How can you vote in this year’s Eurovision?
This is the first year in Eurovision history that viewers anywhere in the world can vote for their favourite entries. If you live in a country that is not taking part in Eurovision this year--like Luxembourg--you are now allowed to vote as part of the “rest of the word” category. To support your favourite song in the semi-finals and the final, simply go here.
Where can you watch the Eurovision Song Contest?
Depending on which TV channels you get, you’ll be able to see the Eurovision shows on: One (all shows) and Das Erste (final)--Germany, Culturebox (semi-finals) and France 2 (final)--France, VRT 1 (all shows, Flemish commentary) and La Une (all shows, French commentary)-- Belgium, or BBC One (all shows)--UK. Furthermore, all shows are available to watch live on the official Eurovision Song Contest YouTube Channel.
Are there any watch parties or public viewings in Luxembourg?
Chances are you already have friends or neighbours hosting a Eurovision party (and if not, maybe you should plan one ASAP), however a number of Eurovision public watch parties are also taking place in Luxembourg. Both the semi-finals and finals are, for example shown at Lounge Act One (7 avenue John F. Kennedy, Luxembourg-Kirchberg), and watch parties for the final will be organised at Crossfire (15 rue Dicks, Luxembourg-Gare) and the new Rainbow Centre (from 18:00, 19 rue Saint Esprit, Luxembourg-Centre).
Why isn’t Eurovision only for European countries?
The Eurovision Song Contest is strongly connected to European culture and identity. However, it is broadcast by the European Broadcasting Union and open to all its members, which explains why Israel competes, for example. The EBU also includes members from Asia and Africa.
What about Australia?
Australia has a long-lasting relationship with the Eurovision Song Contest and started broadcasting it in 1983, attracting an impressive viewing audience (even though Eurovision typically starts airing at 5 in the morning down under). In 2015, for Eurovision’s 60th birthday, Australia was invited to participate as a one-off event, but was then allowed to stay on. Australia’s participation has been confirmed by the EBU until 2023. So this could technically be Australia’s last year in Eurovision.
Who are the ‘Big Five’?
Seeing that you work or live in Luxembourg, you will be forgiven if you think this relates to the Big Four--but it doesn’t. In Eurovision, the Big Five are: France, Germany, Italy, Spain and the UK. As the major funders of the EBU, they get a pass directly to the final. The previous year’s winning country--this year, Ukraine--also automatically qualifies for the final.
How many countries are participating this year?
Thirty-seven countries are entered this year. Of those, 2 x 10 songs qualify from the semi-finals. To this, the Big Five and last year’s winner Ukraine’s songs are added. In this way, the final will count songs from 26 countries.
What are the rules for a participating song?
Some songs might seem longer to you than others, but no songs are longer than 3 minutes, that’s the rule.

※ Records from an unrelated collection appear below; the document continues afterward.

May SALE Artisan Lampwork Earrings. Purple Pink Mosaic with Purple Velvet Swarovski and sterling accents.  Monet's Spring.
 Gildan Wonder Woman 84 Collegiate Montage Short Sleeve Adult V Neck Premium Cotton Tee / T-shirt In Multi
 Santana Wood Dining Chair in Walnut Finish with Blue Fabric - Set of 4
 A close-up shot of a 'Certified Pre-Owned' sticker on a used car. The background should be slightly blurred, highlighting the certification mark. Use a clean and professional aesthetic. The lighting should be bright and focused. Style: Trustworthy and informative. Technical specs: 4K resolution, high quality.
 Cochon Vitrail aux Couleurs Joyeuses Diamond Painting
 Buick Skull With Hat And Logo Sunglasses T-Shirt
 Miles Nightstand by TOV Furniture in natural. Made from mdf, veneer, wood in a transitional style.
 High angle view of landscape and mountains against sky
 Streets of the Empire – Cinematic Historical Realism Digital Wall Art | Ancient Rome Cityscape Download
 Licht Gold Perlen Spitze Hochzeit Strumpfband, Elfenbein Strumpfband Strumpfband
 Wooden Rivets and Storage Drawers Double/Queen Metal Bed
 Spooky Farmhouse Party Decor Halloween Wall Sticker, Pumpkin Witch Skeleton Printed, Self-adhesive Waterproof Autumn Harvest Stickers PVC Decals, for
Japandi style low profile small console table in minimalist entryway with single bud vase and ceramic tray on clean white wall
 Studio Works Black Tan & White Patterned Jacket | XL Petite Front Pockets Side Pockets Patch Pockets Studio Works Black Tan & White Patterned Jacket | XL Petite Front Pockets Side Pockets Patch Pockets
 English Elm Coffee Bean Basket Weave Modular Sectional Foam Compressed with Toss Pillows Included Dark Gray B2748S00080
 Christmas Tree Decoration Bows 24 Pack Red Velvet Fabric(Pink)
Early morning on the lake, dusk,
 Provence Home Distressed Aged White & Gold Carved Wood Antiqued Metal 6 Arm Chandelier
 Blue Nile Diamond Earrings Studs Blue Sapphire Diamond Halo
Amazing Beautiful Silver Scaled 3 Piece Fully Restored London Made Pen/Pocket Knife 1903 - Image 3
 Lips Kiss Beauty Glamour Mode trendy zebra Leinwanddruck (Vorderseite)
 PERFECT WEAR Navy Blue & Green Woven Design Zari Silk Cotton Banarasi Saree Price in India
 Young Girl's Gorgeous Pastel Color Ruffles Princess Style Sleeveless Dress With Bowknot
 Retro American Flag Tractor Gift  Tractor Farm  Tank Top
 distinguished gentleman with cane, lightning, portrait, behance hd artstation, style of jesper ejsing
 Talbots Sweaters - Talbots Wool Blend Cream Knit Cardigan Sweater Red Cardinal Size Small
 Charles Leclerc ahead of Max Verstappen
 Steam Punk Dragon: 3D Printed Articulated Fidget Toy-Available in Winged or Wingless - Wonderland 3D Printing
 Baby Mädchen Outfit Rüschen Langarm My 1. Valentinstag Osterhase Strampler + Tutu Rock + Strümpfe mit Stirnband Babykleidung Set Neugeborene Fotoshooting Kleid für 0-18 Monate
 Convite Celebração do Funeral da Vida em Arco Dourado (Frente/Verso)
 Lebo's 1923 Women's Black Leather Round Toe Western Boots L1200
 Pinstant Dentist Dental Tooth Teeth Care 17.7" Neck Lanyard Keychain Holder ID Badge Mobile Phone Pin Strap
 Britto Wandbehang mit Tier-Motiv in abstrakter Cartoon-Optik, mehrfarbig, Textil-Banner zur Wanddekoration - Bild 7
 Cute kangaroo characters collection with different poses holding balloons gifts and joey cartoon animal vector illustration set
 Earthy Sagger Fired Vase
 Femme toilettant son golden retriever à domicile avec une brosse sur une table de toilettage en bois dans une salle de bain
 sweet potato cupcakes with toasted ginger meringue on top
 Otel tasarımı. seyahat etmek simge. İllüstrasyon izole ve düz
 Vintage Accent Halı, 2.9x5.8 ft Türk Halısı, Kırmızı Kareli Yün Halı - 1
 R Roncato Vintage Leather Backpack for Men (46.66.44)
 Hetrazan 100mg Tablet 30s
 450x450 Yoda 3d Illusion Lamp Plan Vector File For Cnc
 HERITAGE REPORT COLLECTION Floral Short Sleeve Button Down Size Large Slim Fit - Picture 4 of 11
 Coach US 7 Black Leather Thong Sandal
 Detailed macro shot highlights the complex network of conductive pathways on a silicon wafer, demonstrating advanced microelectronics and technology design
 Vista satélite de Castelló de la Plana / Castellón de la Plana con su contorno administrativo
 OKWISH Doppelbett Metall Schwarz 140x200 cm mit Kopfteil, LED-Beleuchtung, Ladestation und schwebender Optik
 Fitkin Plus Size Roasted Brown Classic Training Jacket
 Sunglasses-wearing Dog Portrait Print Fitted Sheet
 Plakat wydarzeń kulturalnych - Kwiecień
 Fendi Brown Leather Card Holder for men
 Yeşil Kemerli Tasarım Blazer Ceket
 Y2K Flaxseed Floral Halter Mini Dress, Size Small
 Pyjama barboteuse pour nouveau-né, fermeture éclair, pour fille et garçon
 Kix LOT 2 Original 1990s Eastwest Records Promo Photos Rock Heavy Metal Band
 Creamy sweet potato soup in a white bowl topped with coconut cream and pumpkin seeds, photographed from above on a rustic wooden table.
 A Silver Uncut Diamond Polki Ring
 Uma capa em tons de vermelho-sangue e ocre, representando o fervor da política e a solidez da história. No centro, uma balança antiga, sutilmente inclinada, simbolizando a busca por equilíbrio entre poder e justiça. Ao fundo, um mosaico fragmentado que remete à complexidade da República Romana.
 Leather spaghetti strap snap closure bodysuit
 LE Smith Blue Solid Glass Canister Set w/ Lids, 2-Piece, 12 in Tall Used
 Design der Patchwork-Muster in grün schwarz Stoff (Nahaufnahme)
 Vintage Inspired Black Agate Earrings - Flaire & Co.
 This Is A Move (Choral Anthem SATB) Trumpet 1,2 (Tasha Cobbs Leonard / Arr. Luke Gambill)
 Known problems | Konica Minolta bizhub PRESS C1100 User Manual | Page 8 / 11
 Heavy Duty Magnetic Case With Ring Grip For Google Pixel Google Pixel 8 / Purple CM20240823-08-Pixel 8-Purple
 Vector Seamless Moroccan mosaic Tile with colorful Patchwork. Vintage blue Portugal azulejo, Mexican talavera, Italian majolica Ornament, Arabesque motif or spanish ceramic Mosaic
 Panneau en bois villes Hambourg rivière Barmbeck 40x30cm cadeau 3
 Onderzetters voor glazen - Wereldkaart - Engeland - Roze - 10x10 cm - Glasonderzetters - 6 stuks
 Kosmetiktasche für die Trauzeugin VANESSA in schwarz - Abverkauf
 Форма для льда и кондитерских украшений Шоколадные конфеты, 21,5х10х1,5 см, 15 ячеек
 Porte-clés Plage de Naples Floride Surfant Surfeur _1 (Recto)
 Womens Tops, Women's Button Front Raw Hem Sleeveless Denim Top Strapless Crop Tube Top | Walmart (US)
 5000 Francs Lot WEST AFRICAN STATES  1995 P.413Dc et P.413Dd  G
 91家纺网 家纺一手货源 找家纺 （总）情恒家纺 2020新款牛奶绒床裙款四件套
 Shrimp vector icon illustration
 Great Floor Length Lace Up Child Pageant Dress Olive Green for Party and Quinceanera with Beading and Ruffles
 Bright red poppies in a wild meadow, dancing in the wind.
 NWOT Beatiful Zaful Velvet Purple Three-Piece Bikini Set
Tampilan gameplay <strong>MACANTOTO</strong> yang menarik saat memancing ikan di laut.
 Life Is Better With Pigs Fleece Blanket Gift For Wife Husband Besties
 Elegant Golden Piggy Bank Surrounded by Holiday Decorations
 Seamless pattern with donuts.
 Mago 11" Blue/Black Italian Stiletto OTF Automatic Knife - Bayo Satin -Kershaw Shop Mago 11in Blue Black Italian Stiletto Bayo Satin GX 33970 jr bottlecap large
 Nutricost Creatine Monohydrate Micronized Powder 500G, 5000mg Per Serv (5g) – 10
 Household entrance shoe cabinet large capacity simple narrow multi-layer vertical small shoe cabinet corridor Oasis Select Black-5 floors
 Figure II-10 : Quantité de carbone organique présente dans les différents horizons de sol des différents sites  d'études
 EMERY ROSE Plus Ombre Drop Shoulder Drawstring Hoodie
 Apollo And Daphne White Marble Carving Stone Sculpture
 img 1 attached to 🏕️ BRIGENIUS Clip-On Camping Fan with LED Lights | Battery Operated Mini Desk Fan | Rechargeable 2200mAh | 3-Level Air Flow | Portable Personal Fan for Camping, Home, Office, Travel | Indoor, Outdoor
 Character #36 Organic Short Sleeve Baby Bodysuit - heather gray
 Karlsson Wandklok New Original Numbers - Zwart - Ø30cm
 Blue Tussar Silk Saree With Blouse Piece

Furthermore, all songs must be new, sung live and with no more than six people on stage. Since 1999, performers have been allowed to sing in any language they want.
Who votes, when, and how?
This year, the public alone decides who qualifies from the semi-finals to the finals. This is a new thing--and the results will show if this was a good decision or not.
In the final, every country awards two set of scores: from the “experts” (national jury) and from the televoters. No one can vote for their own country. The points given are: the famous “douze points” to the favourite act, the second favourite gets 10 points, the third place gets 8 points, and then 7 points, and so on, down to one point for the tenth favourite. The scoreboard will first show the jury’s votes, and then the televoters. Worth mentioning is that the two are often very different, which makes it all the more exciting.